Stripe’s message to anyone who dares believe such things—any person of true and orthodox faith in an Abrahamic religion, in other words, or anyone simply wise enough not to have been completely addled by the perverse messages of the sexual revolution—is that they need not apply. They aren’t welcome. They shouldn’t have access to the basic necessities of doing business online. Conservative groups shouldn’t be allowed to collect donations from supporters to represent their voice and values in the civic arena; conservative donors shouldn’t be allowed to use big tech financial tools that are industry-standard to promote values so abhorrent as that kids deserve a mom and a dad. This is Stripe’s message, coming loud and clear through all their cageyness and evasive language: “Take your business elsewhere, bigot.

Stripe doesn’t seem to understand—or perhaps just doesn’t care—that IOF’s values represent those of literally billions worldwide, to say nothing of the vast majority of people who have ever lived. IOF’s view, for instance, that sex is determined by chromosomes and not by cosmetics, is one that practically universally held up until a few short years ago. Now it’s a view that gets you cancelled and thrust out of the marketplace of ideas and online donations.

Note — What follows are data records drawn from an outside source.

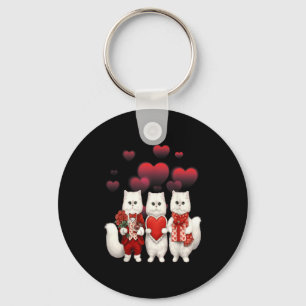 Cute Valentine Cats Holding Hearts Romantic Love G Key Ring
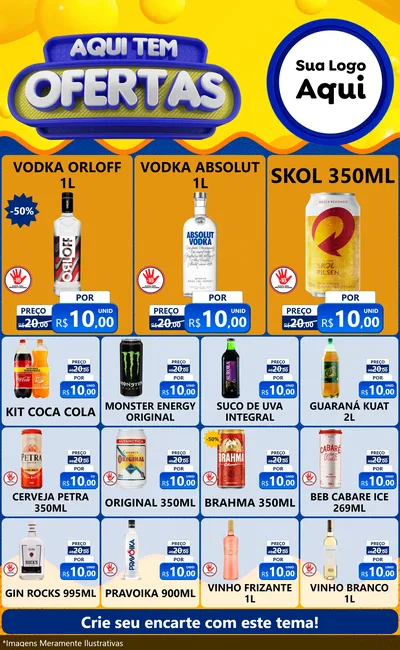 Modelo de Encarte para Encarte Grande com o tema Aqui Tem Ofertas para Distribuidora de bebidas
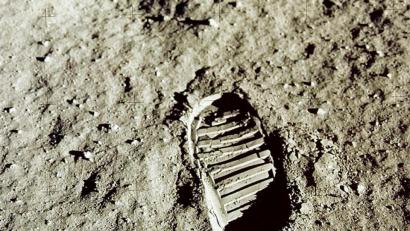Ein Fußabdruck des US-amerikanischen Astronauten Edwin E. Aldrin auf dem Mond. Foto: Nasa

So, what is IOF to do in the face of this tyranny? Well, nothing new for us: we’re going to fight back. We’re used to being sneered at by small-minded elites as they grind their ideological axes. We know that Stripe hasn’t just done real financial harm to us by this action: they have, even more so, insulted and offended countless millions—nay, billions—of believers around the world in the basic values of life, marriage, family, and religious freedom. We’re going to make sure that Stripe knows that such insults will not be left unnoticed or unchallenged.

IOF has sent a letter to several members of the United States Senate, formally complaining of Stripe’s discriminatory action and asking for an investigation of the matter, along with documentation of the correspondence with Stripe’s support staff. The letter can be read below. Also, this morning, Brian Brown spoke directly with staff members for Senator Josh Hawley, who has been a heroic leader in standing up to Big Tech Tyranny aimed at conservative voices, expressing his concern to them and asking for the Senator to look into the matter.

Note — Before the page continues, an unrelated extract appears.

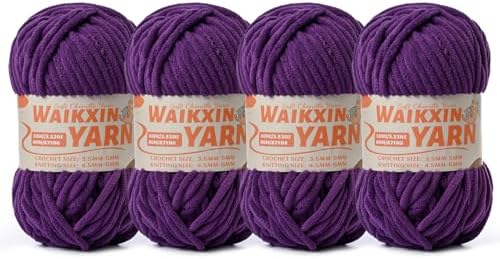 （4 Deep Purple） 4 Pack Super Soft Fuzzy Chenille Chunky Yarn for Crocheting, 400g (350yds) Velvet Fluffy Amigurumi Yarn for Hand Knitting Baby Blankets Weaving Craft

IOF has also launched a petition of protest against Stripe. We’re encouraging all readers of iFamNews, and all people of good will, to lend their voice to this action and let Stripe know that their behavior here is neither acceptable nor free of consequences for them. You can sign our petition here.

Finally, IOF is encouraging supporters to take to Twitter to express their dismay about this situation directly to the co-founders of Stripe, Patrick and John Collison.

Stripe is just the latest schoolyard bully from Big Tech to think they can beat up conservatives with impunity. But Stripe and all such bullies in the increasingly insular schoolyard of Big Tech will eventually learn the hard lesson all bullies must sometime face: that there’s a bigger world outside the schoolyard, and that eventually you pick on the wrong kid.